(ABOUT THIS TASK): Please transcribe the data exactly as shown, skipping the images.

(DATA FOR PROCESSING):
——

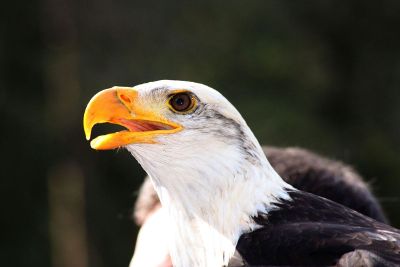 eagle with open beak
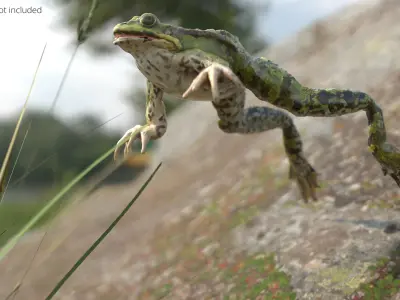  Spotted Croaking Frog Animated Rigged for Blender 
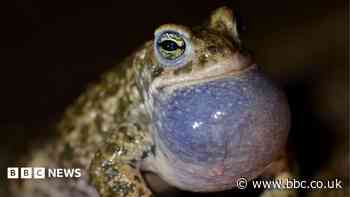 Dune project aims to aid rare toads and beetles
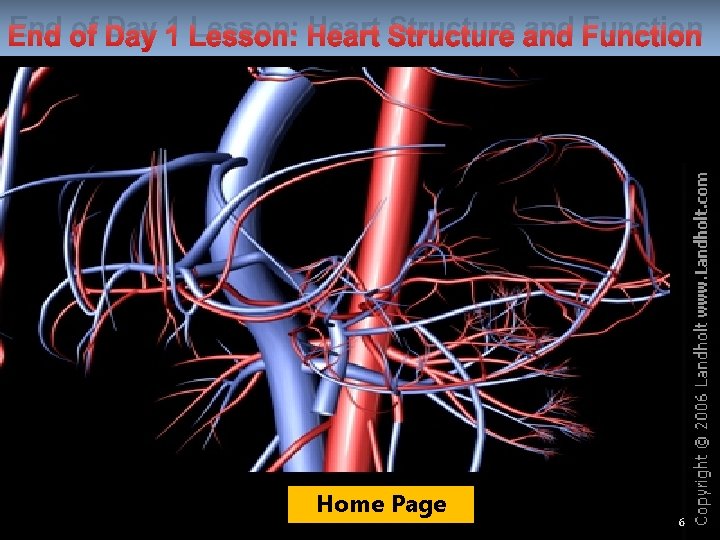 End of Day 1 Lesson: Heart Structure and Function Home Page 6 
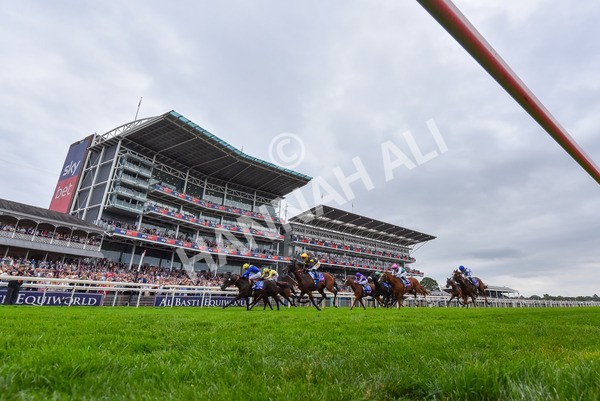 230825-Race 3-Never So Brave-9672 - Race 3 3.00pm Sky Bet City Of York Stakes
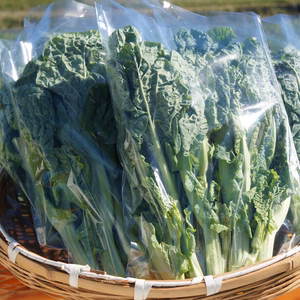 太くて柔らか「菜の花の頂花蕾」6パック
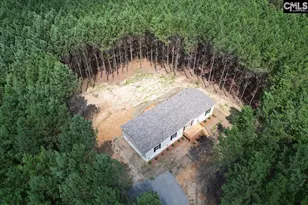 832 Horses Neck Rd, Swansea, SC 29160 - Photo 26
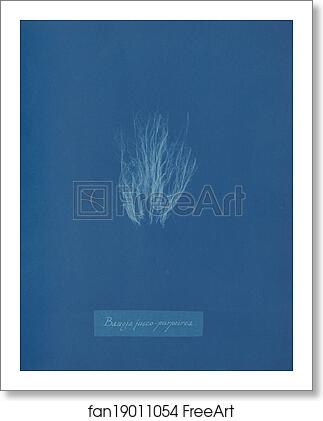 Free art print of Bangia fusco-purpurea by Anna Atkins Free art print of Bangia fusco-purpurea by Anna Atkins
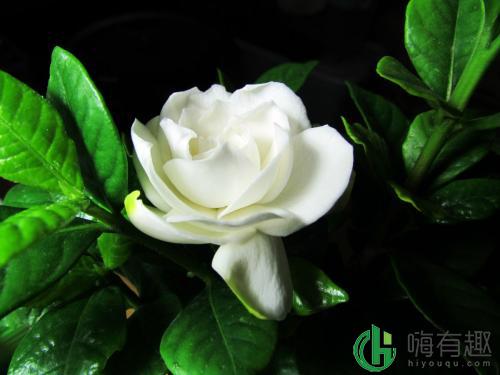 栀子花的花语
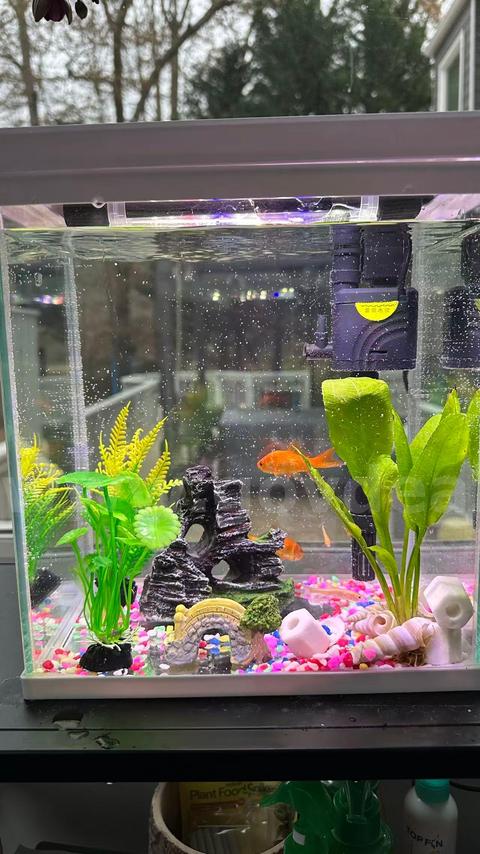 SHIPPING AVAILABLE Glass Fish Tank (W7” × L9” × H10”) –( 6-02) Tank Only, Accessories Not Included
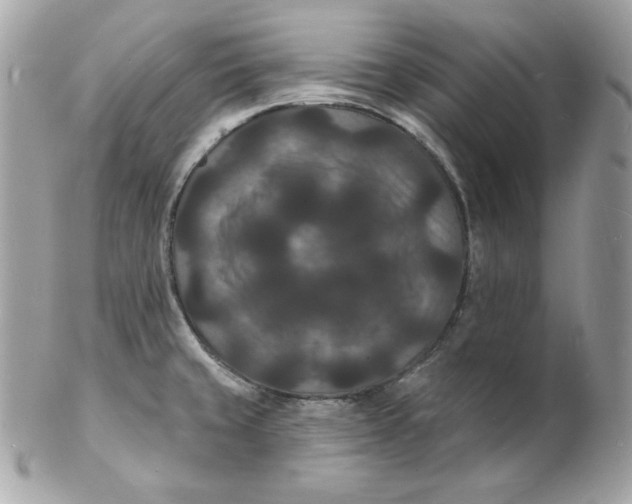 X0000102231429200808151718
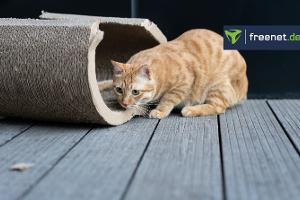 Kratzbretter Katzen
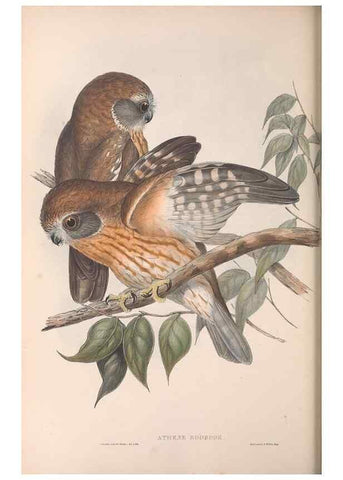 Reproducción/Reproduction 36763771756: The birds of Australia.. London,Printed by R. and J. E. Taylor; pub. by the author,[1840]-48.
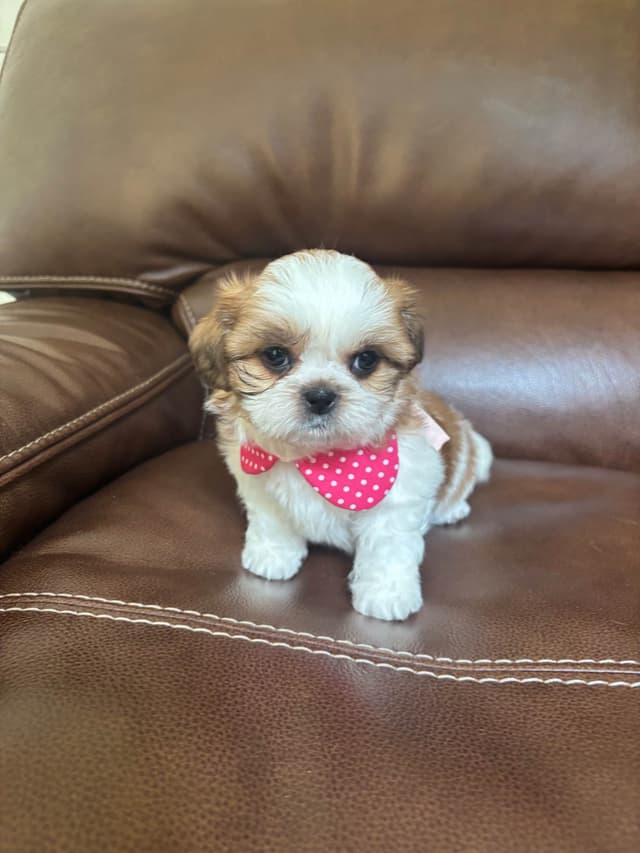 Shih Tzu Puppies media 8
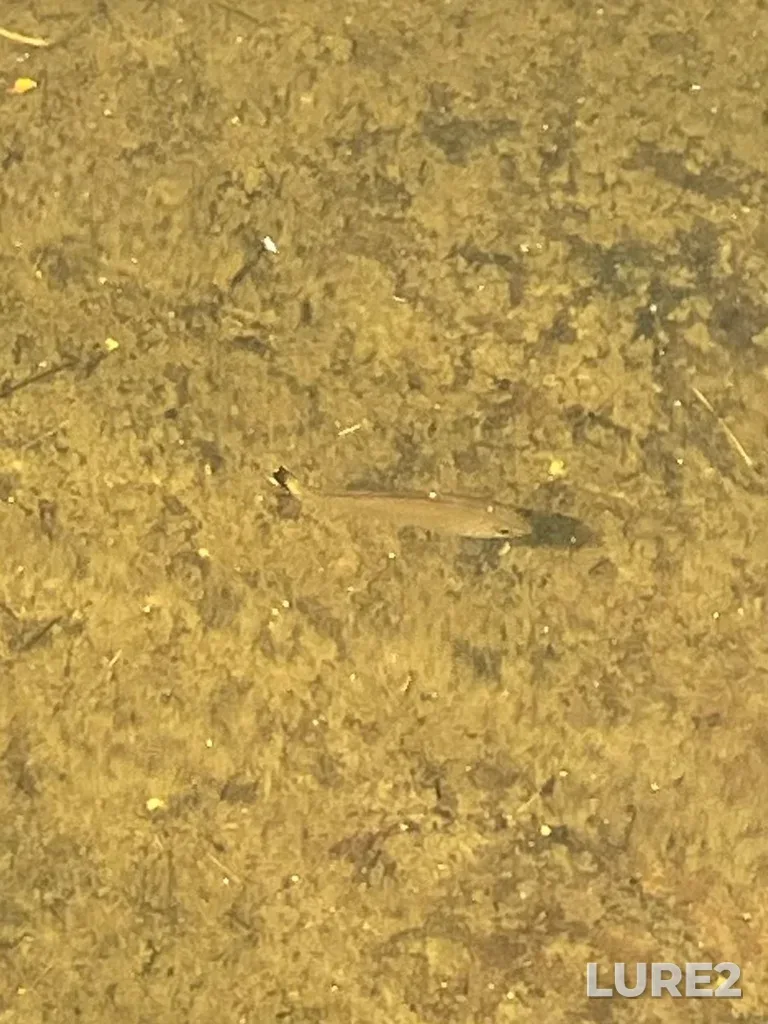 Smallmouth bass — Lake Huron, Jul 30, 2:48 PM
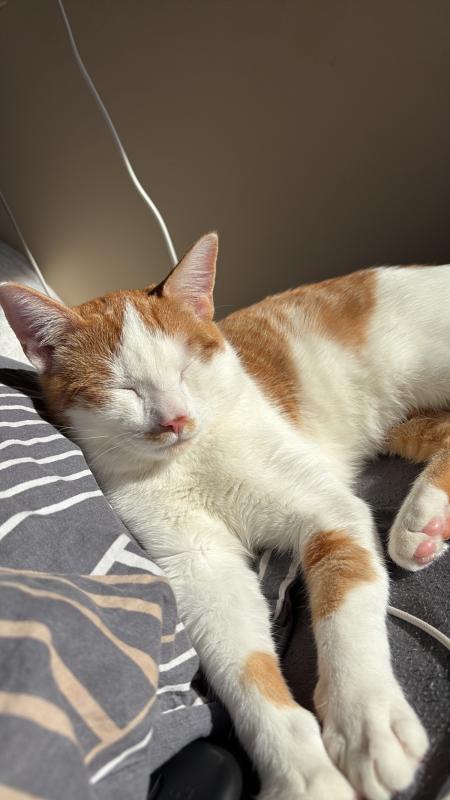 Saffier
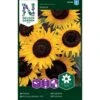 Solsikke 'Ikarus' Helianthus Annuus 'Ikarus' -Osmo Salgsbutik p34006 37339 helianthus annuus ikarus c394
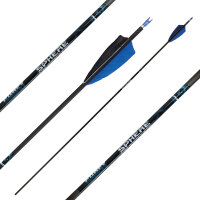 Complete arrow | SPHERE Ghost 4.2 - Carbon
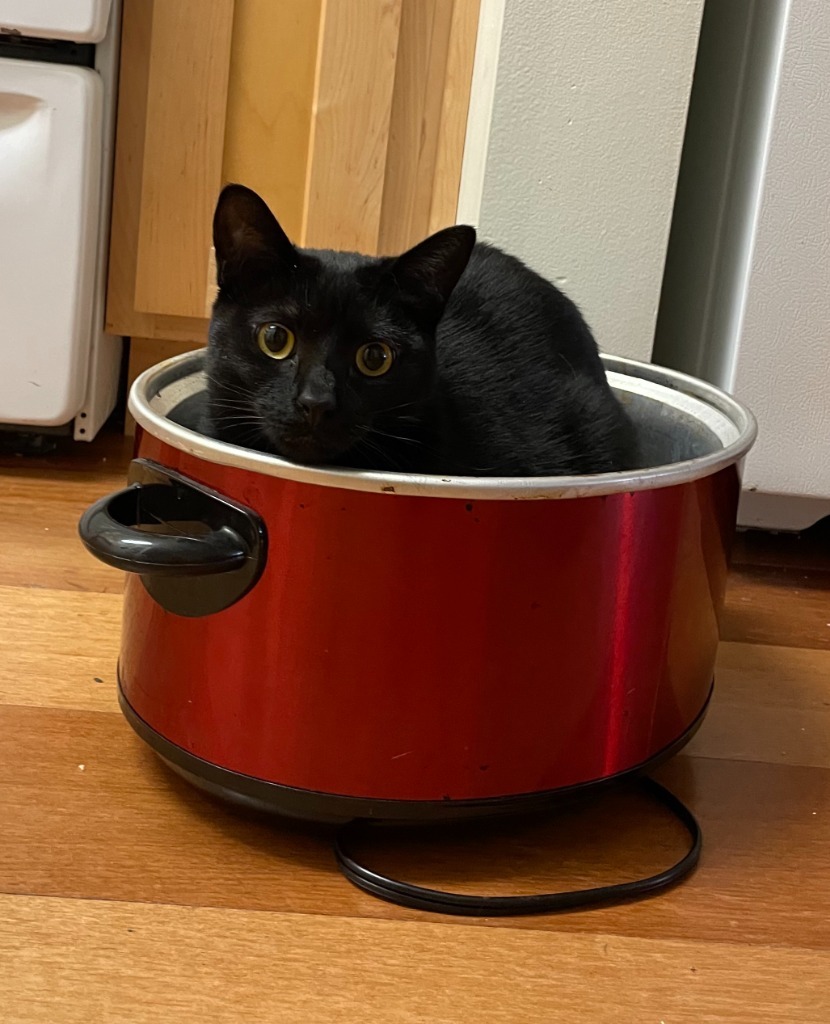 Sox, an adoptable Domestic Short Hair in Salt Lake City, UT, 84117 | Photo Image 1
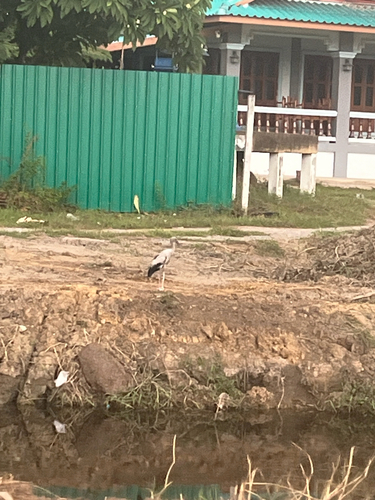 Asian Openbill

——

(ANSWER TO THIS EXERCISE):
 eagle with open beak
  Spotted Croaking Frog Animated Rigged for Blender 
 Dune project aims to aid rare toads and beetles
 End of Day 1 Lesson: Heart Structure and Function Home Page 6 
 230825-Race 3-Never So Brave-9672 - Race 3 3.00pm Sky Bet City Of York Stakes
 太くて柔らか「菜の花の頂花蕾」6パック
 832 Horses Neck Rd, Swansea, SC 29160 - Photo 26
 Free art print of Bangia fusco-purpurea by Anna Atkins Free art print of Bangia fusco-purpurea by Anna Atkins
 栀子花的花语
 SHIPPING AVAILABLE Glass Fish Tank (W7” × L9” × H10”) –( 6-02) Tank Only, Accessories Not Included
 X0000102231429200808151718
 Kratzbretter Katzen
 Reproducción/Reproduction 36763771756: The birds of Australia.. London,Printed by R. and J. E. Taylor; pub. by the author,[1840]-48.
 Shih Tzu Puppies media 8
 Smallmouth bass — Lake Huron, Jul 30, 2:48 PM
 Saffier
 Solsikke 'Ikarus' Helianthus Annuus 'Ikarus' -Osmo Salgsbutik p34006 37339 helianthus annuus ikarus c394
 Complete arrow | SPHERE Ghost 4.2 - Carbon
 Sox, an adoptable Domestic Short Hair in Salt Lake City, UT, 84117 | Photo Image 1
 Asian Openbill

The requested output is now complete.